Dans les jours qui ont suivi la catastrophe de Tchernobyl, le 26 avril 1986, l’ambassadeur dévoué de la filière nucléaire tentait d’apaiser l’inquiétude de l’opinion publique sur les ondes, les écrans et dans la presse papier. Le professeur Pierre Pellerin était alors directeur du Service central de protection contre les rayonnements ionisants (SCPRI). C’était un ponte du nucléaire, agressif et méprisant envers les antinucléaires.

En octobre 2025, la famille du professeur Pellerin a sollicité l’Autorité de sûreté nucléaire et de radioprotection (ASNR) pour se défaire d’un fourbi présumé radioactif amassé dans un de ses domiciles. L’ASNR a diligenté l’Agence nationale pour la gestion des déchets radioactifs (ANDRA) pour établir un état des lieux. Le professeur Pierre Pellerin était un cachotier et un collectionneur atomiste acharné au point d’exposer son entourage immédiat à des risques inconsidérés. Il a en effet laissé en héritage à sa famille 13 pots de “Radium Belge – Bruxelles” gravés “Union minière du Haut Katanga” datant des années 1920, deux cadrans lumineux au radium 226 qui servaient de capteurs de correction d’altitude dans des avions de la Luftwaffe pendant la Seconde Guerre mondiale et une source scellée de césium 137 datant des années 1950.

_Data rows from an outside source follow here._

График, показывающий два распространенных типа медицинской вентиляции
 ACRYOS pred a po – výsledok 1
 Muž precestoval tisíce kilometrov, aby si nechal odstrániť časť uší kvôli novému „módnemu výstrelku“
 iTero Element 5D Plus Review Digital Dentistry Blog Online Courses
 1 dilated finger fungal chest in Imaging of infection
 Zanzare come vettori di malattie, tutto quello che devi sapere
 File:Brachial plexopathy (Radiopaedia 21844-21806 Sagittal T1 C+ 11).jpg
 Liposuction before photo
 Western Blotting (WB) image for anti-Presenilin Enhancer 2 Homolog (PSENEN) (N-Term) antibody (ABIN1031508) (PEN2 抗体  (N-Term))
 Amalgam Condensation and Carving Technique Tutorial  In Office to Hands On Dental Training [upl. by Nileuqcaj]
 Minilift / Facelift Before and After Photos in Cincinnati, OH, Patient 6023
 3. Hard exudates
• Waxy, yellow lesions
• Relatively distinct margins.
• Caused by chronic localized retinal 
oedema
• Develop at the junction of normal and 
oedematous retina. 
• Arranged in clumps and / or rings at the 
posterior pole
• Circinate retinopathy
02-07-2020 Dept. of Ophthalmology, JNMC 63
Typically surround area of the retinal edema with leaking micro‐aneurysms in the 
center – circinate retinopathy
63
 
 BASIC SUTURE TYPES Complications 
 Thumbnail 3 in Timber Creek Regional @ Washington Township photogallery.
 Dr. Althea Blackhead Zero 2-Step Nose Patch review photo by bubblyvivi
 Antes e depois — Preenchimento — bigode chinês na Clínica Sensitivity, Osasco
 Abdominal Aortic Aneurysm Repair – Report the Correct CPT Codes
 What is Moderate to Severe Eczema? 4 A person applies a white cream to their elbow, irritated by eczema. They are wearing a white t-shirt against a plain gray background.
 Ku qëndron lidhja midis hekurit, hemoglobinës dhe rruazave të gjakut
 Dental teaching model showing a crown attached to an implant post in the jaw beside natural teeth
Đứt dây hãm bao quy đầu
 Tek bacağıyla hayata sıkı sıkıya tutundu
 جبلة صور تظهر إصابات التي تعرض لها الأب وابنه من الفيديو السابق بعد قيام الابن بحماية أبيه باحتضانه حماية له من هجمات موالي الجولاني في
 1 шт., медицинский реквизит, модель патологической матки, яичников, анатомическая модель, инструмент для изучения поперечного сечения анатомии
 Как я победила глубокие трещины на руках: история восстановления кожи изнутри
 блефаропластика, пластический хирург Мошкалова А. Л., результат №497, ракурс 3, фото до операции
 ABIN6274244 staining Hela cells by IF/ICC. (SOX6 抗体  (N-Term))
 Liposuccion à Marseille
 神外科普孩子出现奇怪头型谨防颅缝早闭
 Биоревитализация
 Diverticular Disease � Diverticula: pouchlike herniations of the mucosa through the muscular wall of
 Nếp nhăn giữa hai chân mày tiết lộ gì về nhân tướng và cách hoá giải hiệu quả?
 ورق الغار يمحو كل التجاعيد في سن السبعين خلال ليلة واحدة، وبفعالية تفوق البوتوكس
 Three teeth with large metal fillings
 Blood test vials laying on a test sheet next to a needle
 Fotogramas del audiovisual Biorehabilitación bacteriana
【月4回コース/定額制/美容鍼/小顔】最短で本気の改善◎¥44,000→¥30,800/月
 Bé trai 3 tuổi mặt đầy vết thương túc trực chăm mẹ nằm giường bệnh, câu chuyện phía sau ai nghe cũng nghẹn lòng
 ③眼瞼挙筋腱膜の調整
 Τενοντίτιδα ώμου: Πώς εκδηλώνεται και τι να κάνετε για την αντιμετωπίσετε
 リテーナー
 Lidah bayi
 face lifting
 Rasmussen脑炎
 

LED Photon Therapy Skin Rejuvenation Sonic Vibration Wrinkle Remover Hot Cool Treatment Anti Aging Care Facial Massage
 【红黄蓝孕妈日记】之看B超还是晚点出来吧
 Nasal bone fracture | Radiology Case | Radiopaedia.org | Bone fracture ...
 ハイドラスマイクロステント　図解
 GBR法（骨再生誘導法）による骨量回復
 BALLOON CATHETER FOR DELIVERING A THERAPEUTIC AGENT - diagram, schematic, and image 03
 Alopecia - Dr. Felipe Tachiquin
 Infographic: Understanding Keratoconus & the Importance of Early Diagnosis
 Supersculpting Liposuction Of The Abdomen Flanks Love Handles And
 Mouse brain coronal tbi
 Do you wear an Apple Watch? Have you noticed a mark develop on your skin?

A la demande de la famille du professeur Pierre Pellerin, le coût du conditionnement et du transfert de ces déchets radioactifs dans le Centre industriel de regroupement, d’entreposage et de stockage (Cires) de l’ANDRA est pris en charge par la Commission nationale des aides dans le domaine radioactif, grâce à une subvention du ministère de l’Ecologie.